I remember how as a child I secretly ate condensed milk with a spoon from a can. I hid behind the curtain. And not because it was forbidden. But because there was something in it... too personal. Too tasty to share with someone. Now I think that I didn't just eat then - I resisted. Without words, without slogans. Just with sugar.

And recently I caught myself standing with my eyes closed again. Already an adult, already smart, already supposedly free. And inside, the same girl behind the curtain. Only now with a fitness club card, a trainer, and a calorie tracker. I opened my eyes. And for the first time I saw myself eating. With guilt. With tension in my jaw. With the expectation of punishment.
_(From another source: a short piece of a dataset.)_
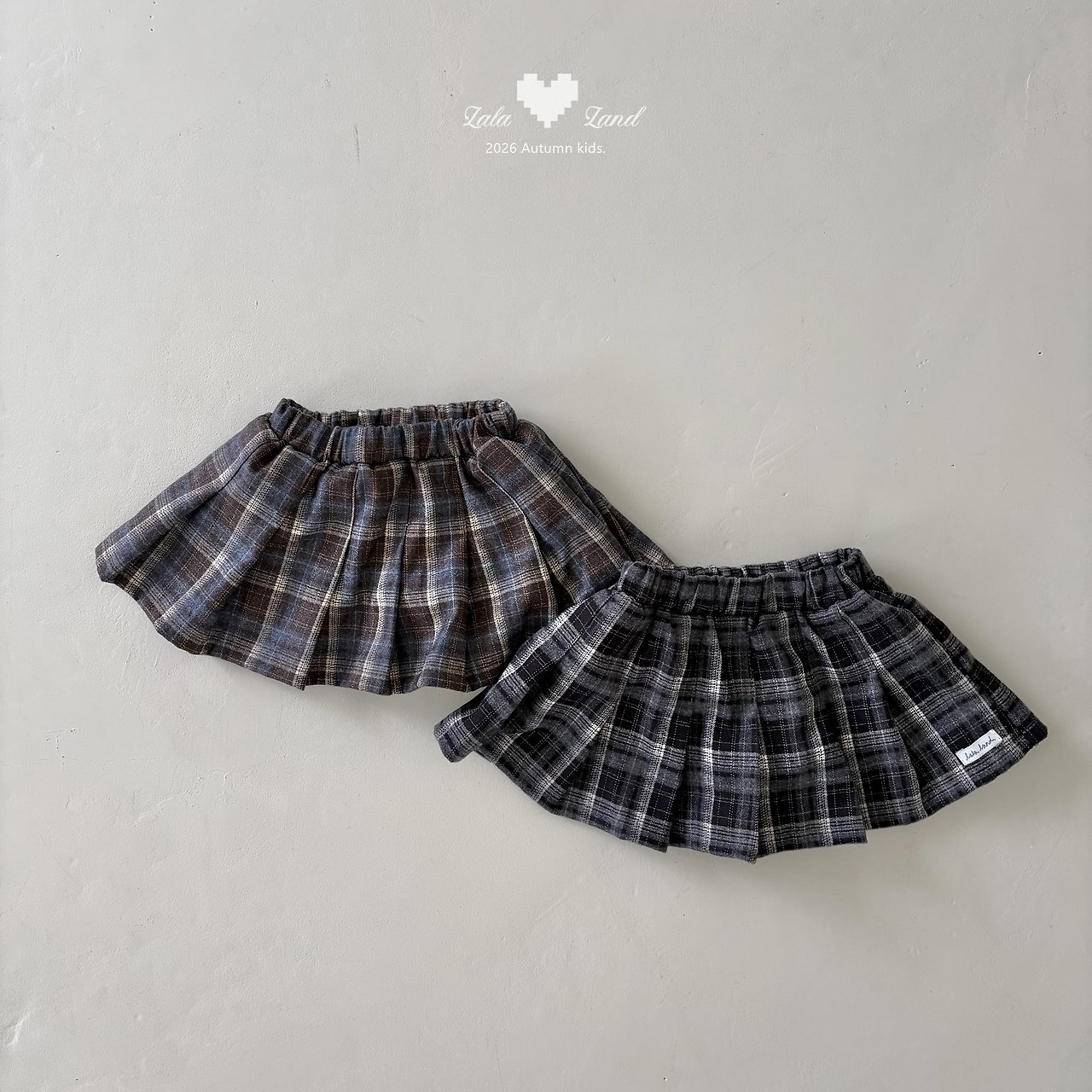 Lalaland | Eve Check Skirt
And you know what I did? I bought three types of chocolate. One with caramel, the second - dark with salt, and the third - with raspberries. I laid them out on a white towel. And sat down. Just eat. Look. Chew. Feel. Not think, not devalue, not plan the next run. I wanted to give myself this feeling. Without bargaining.
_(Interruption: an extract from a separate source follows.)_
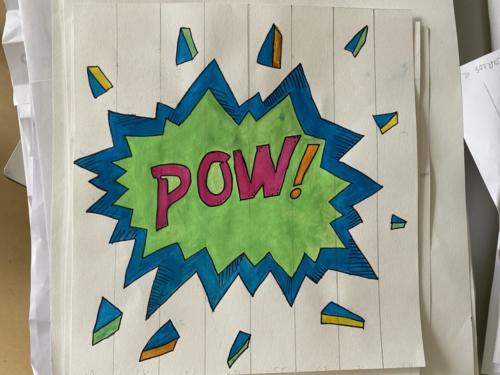 Sprechblasen- Wow!! Pop / Burbujas de diálogo - Wow!! Pop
Why is it so hard to allow yourself simple pleasure? Why are we taught to suffer, endure, limit - and almost never taught to feel, accept, be in the moment? It took me too many years to understand: I do not have to deserve taste.

That evening I ate all the chocolate. Without remorse. Without "I'll start a new life on Monday." Just like that. And something clicked inside. As if I handed over the key to the storage room where I kept my desires on a chain. And maybe it wasn't a feat. But for me, it was a period.

Now I eat slowly. With my eyes open. And not just chocolate. I "eat" music, and sunlight, and the morning smell of skin, and a book on the floor, and tap water. And all this is not a reward. It's just life.

If I ever want to hide with a can of condensed milk again, I won't scold myself. I'll just sit next to it. Without a curtain. Because now I know how to stay with myself even in the sweetest moments.